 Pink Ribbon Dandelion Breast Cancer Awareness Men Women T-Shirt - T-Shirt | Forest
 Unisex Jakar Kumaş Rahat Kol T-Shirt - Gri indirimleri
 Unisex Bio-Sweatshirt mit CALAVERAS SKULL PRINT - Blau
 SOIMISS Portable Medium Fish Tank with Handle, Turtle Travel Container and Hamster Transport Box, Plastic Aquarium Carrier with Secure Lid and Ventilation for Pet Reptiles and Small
==
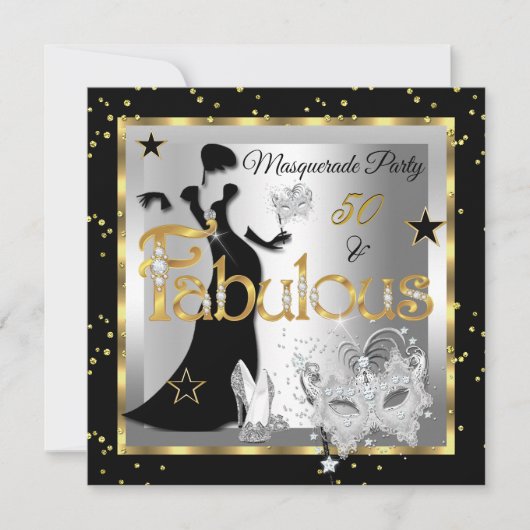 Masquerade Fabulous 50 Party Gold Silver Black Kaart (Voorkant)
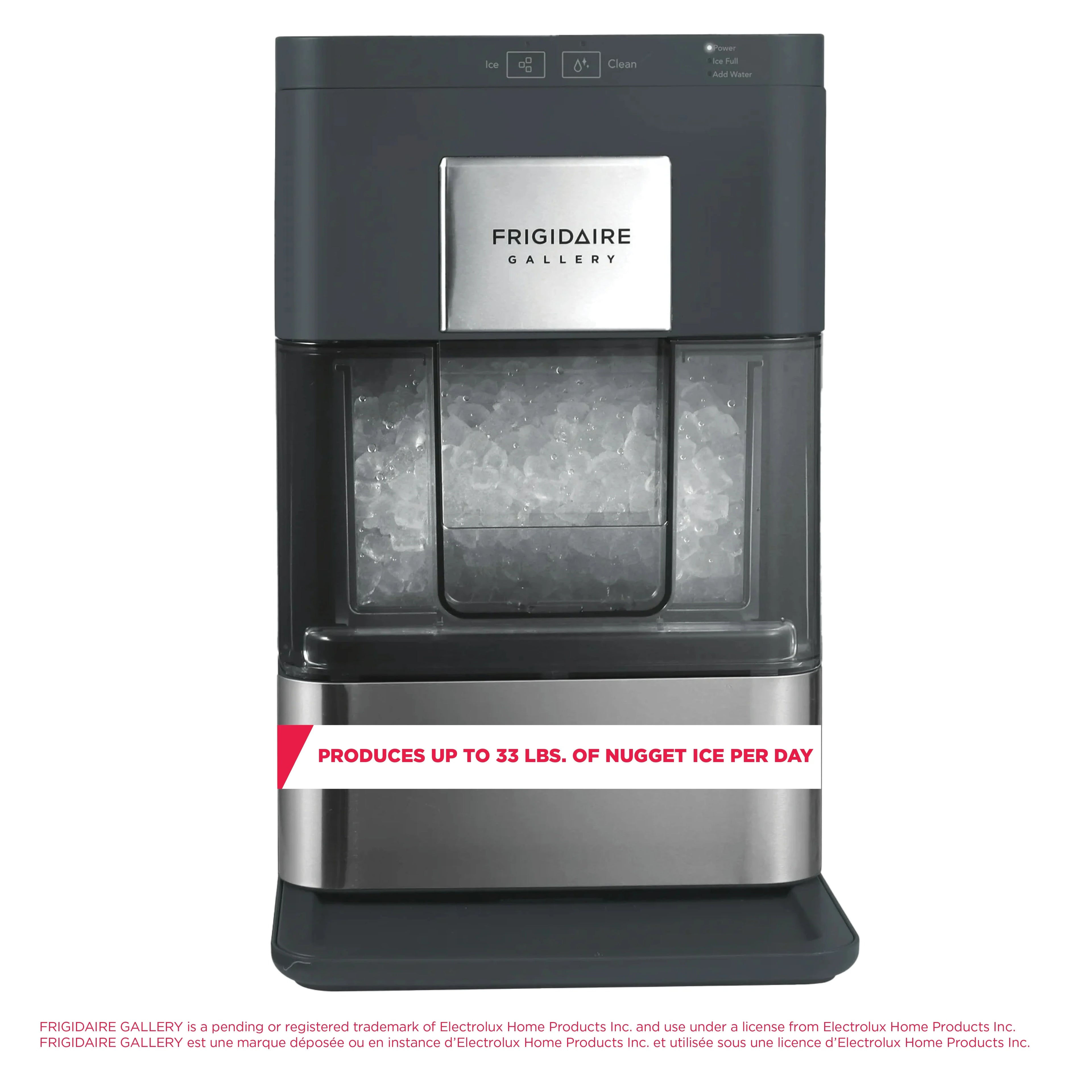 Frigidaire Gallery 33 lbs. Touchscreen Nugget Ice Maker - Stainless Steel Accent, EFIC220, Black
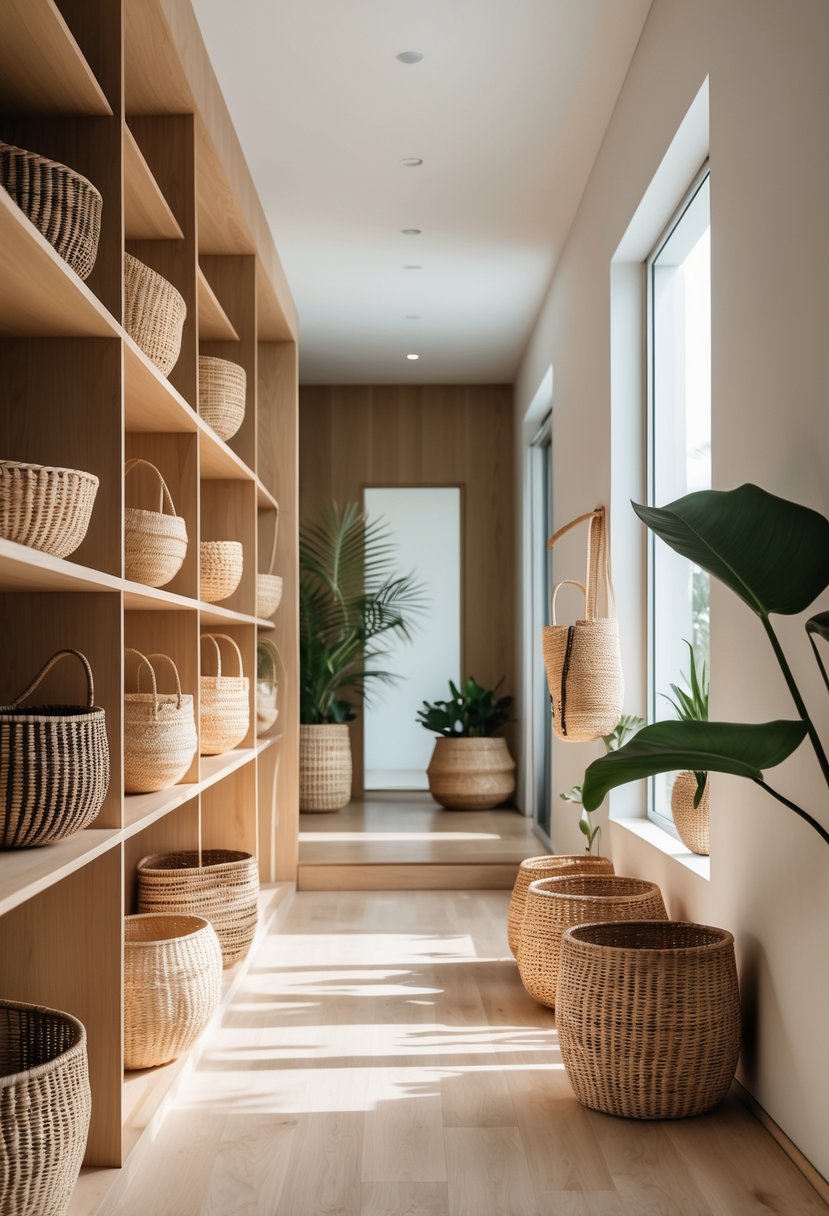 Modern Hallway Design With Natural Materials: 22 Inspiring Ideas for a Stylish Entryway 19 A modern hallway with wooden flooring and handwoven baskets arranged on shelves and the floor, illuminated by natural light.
* * *
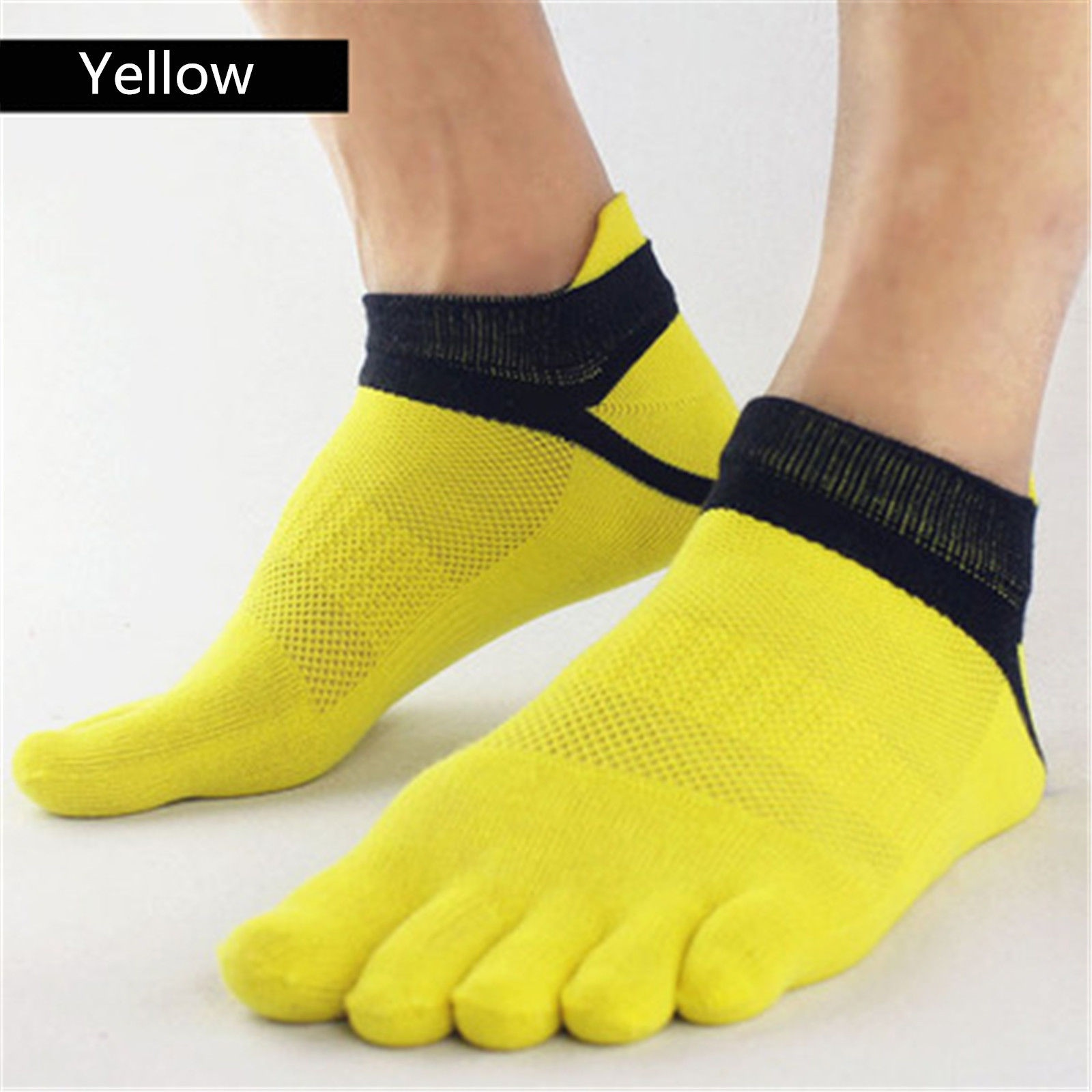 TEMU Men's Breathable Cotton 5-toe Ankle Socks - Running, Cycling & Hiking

WHAT TO DO: In the listing above, find the line containing "Frigidaire Gallery 33" and the line containing "Modern Hallway Design", then output those two lines and everything between them exactly as written, without the images.

EXERCISE OUTPUT:
 Frigidaire Gallery 33 lbs. Touchscreen Nugget Ice Maker - Stainless Steel Accent, EFIC220, Black
 Modern Hallway Design With Natural Materials: 22 Inspiring Ideas for a Stylish Entryway 19 A modern hallway with wooden flooring and handwoven baskets arranged on shelves and the floor, illuminated by natural light.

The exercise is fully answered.